→ The task:
Where an entry holds an image, leave the image out; otherwise reproduce the entry exactly.

→ Supplied records:
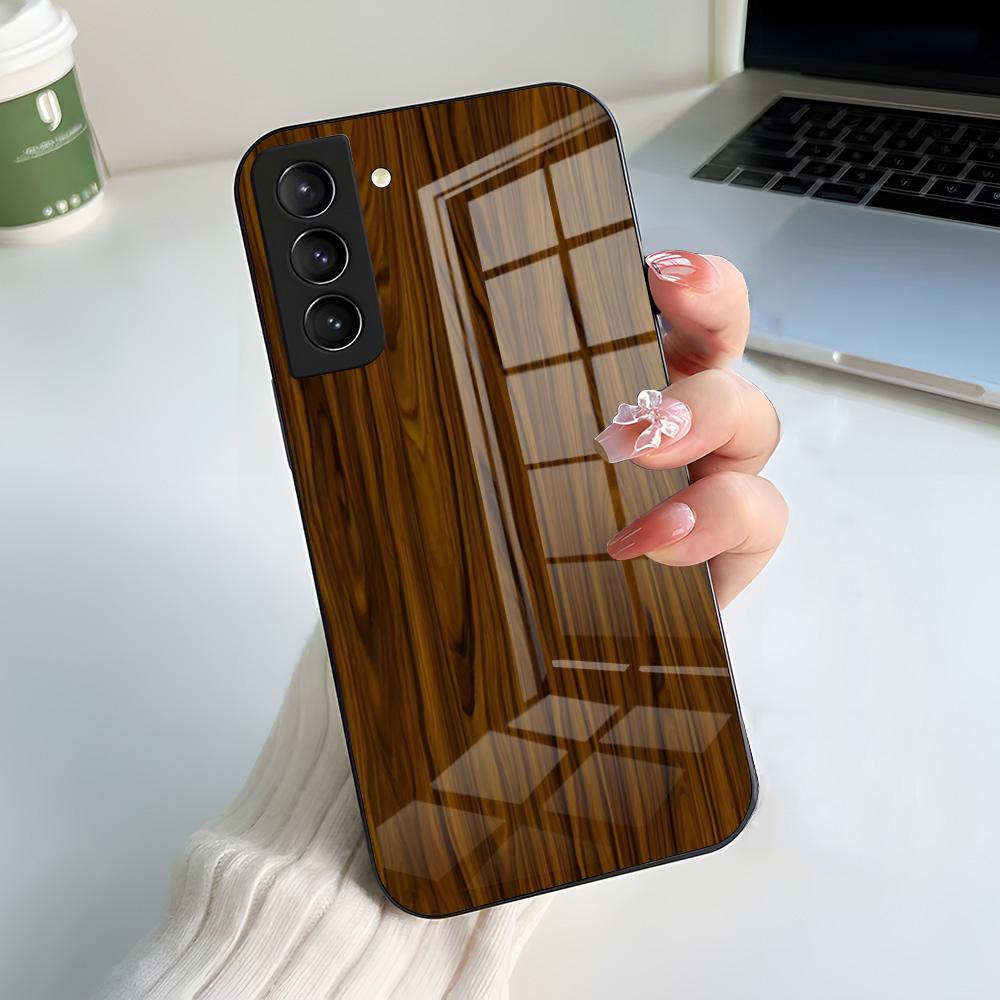 Чехол для телефона из натурального дерева для Samsung S26 S25 S24 FE S23 S22 S21 Plus S20 Ultra Note20Ultra Черная стеклянная крышка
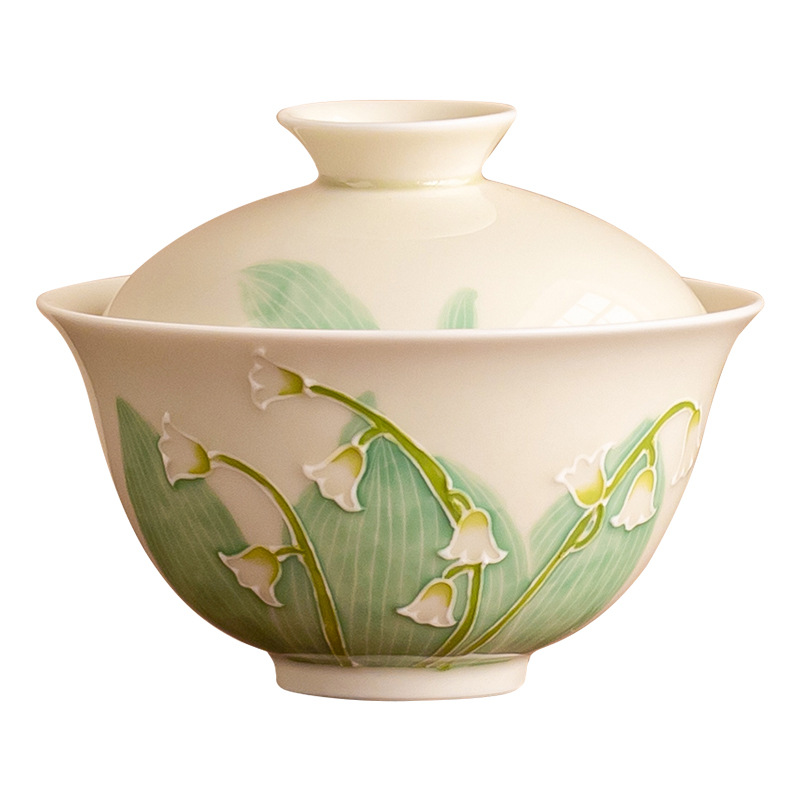 Vẽ tay ngọc lan cốc trà cốc trà gốm sứ có nắp bát pha trà kung fu dung tích lớn không nóng đơn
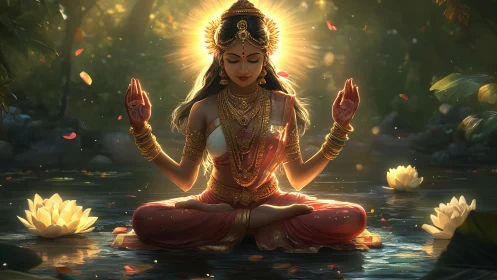 Radiant goddess meditating in lotus pond with cinematic backlight
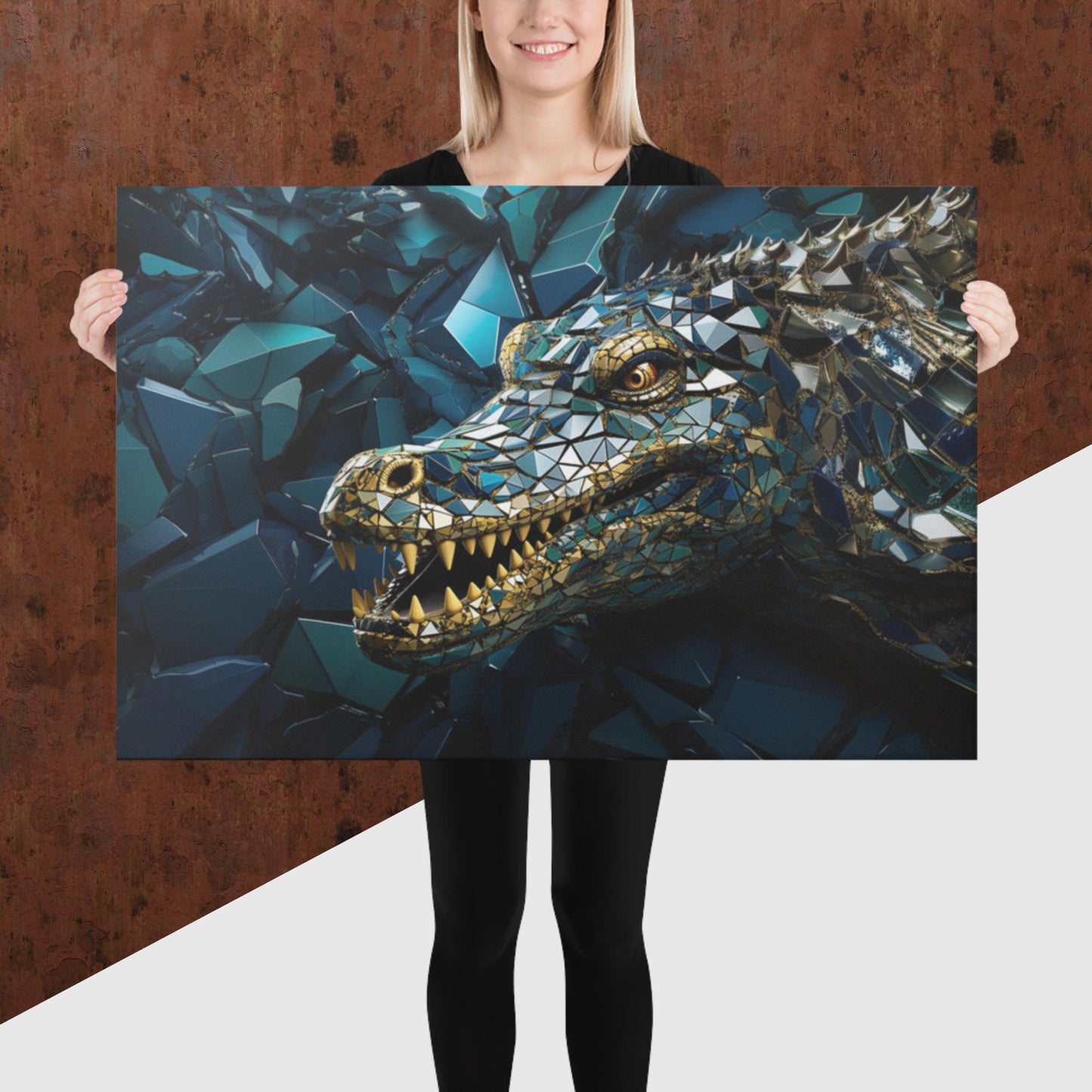 Blue Gold Crocodile Canvas Poster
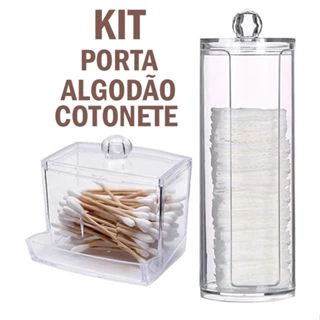Suporte Porta Cotonete em Acrílico com Tampa e Porta Algodão em Acrílico Utensilios Para Limpeza De Pele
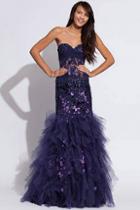 Jovani - Strapless Sweetheart Beaded Lace Trumpet Gown 172008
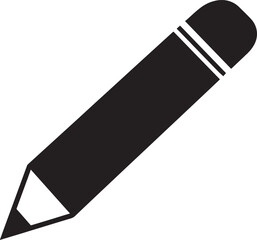 Pencil Silhouette in Black | Simple Writing Tool Illustration Vector Format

→ Answer to this problem:
 Чехол для телефона из натурального дерева для Samsung S26 S25 S24 FE S23 S22 S21 Plus S20 Ultra Note20Ultra Черная стеклянная крышка
 Vẽ tay ngọc lan cốc trà cốc trà gốm sứ có nắp bát pha trà kung fu dung tích lớn không nóng đơn
 Radiant goddess meditating in lotus pond with cinematic backlight
 Blue Gold Crocodile Canvas Poster
Suporte Porta Cotonete em Acrílico com Tampa e Porta Algodão em Acrílico Utensilios Para Limpeza De Pele
 Jovani - Strapless Sweetheart Beaded Lace Trumpet Gown 172008
 Pencil Silhouette in Black | Simple Writing Tool Illustration Vector Format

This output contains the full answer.